The fourth primary initiative “…is the development of incubator brand concepts that can potentially represent opportunities consistent with our culture and areas of expertise.” I don’t know quite what that means but he mentions Lib Tech and Gnu as examples, and that must have Mike and Pete reaching for their favorite adult beverage.
 
As is the case for every company of any size that wants to grow, the devil’s in the details. How do you focus on your three major brands and remain centered on boardriding but grow moto, bike, climb, paddle, mixed martial arts and others? How big a part of your business can those become before you’re no longer centered on boardriding? If you want to grow Lib Tech and Gnu “…consistent with our culture and areas of expertise,” that might be interpreted as putting some serious limits on their growth.
 
Quik’s ecommerce business is about $25 million, and they think it has the potential to be 10% of their business. They closed the year with 540 stores. They believe DC has the potential to be a billion dollar brand.
 
For 2011, they are looking for “…modest sort of growth” overall for the company. They’ve got cost pressures they estimate at five to ten percent, and expect to implement some selective price increases. They expect an overall gross margin for the year consistent with 2010. The price increase and some cost initiatives, along with favorable currency rates in some countries outside of the U.S., should allow them to achieve this in spite of costs going up.
 
What do they expect in terms of sales for 2011? “Quiksilver kind of low-single digit expectations for fiscal ’11; Roxy, down mid-singles, and DC, up somewhere in the high-single to low-double digit range.
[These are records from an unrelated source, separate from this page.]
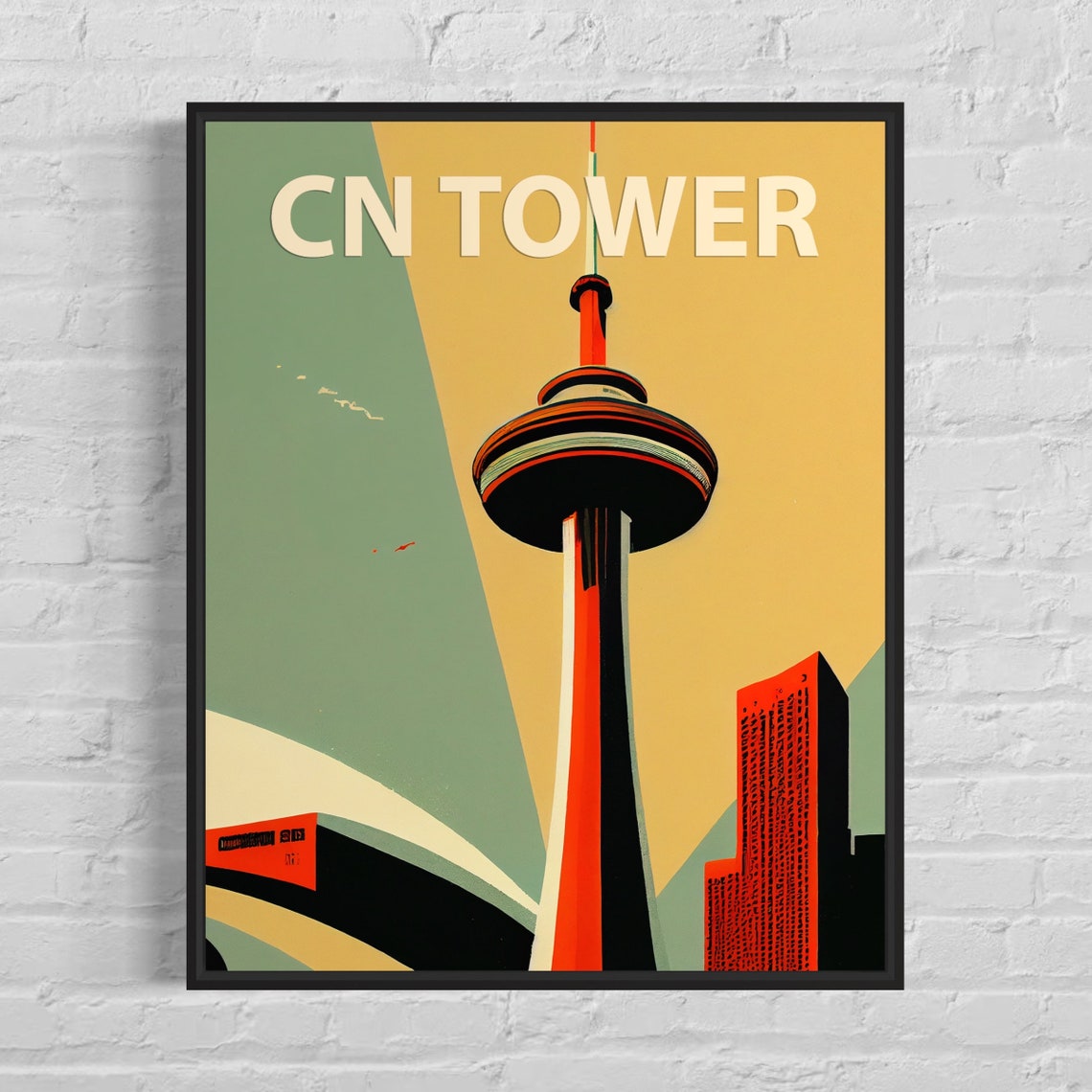 Toronto CN Tower Canada Iconic Landmark Retro Style Travel Poster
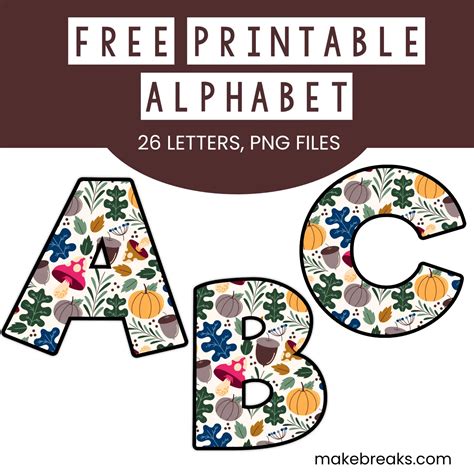 Free Printable Autumn Alphabet 2 - Make Breaks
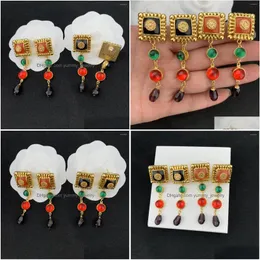 Lampadario pendente Orecchini pendenti Personalità europea e americana Orecchini pendenti con gioielli a forma di goccia di perle di colore quadrate vuote Dhpnl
In terms of what we are expecting in regionally, much of the growth is focused on the Americas region in 2011. We are launching the Quiksilver Girls collection beginning on 2/25. Our first delivery is coming out.”   
 
It’s nice to see Quik more or less out from under their liquidity and debt problems and focused on brand building and the future. I can see that they have some possibilities for growth, but none of them feel easy and it sounds like real impact will be felt after 2011. I guess that’s just business for all of us these days.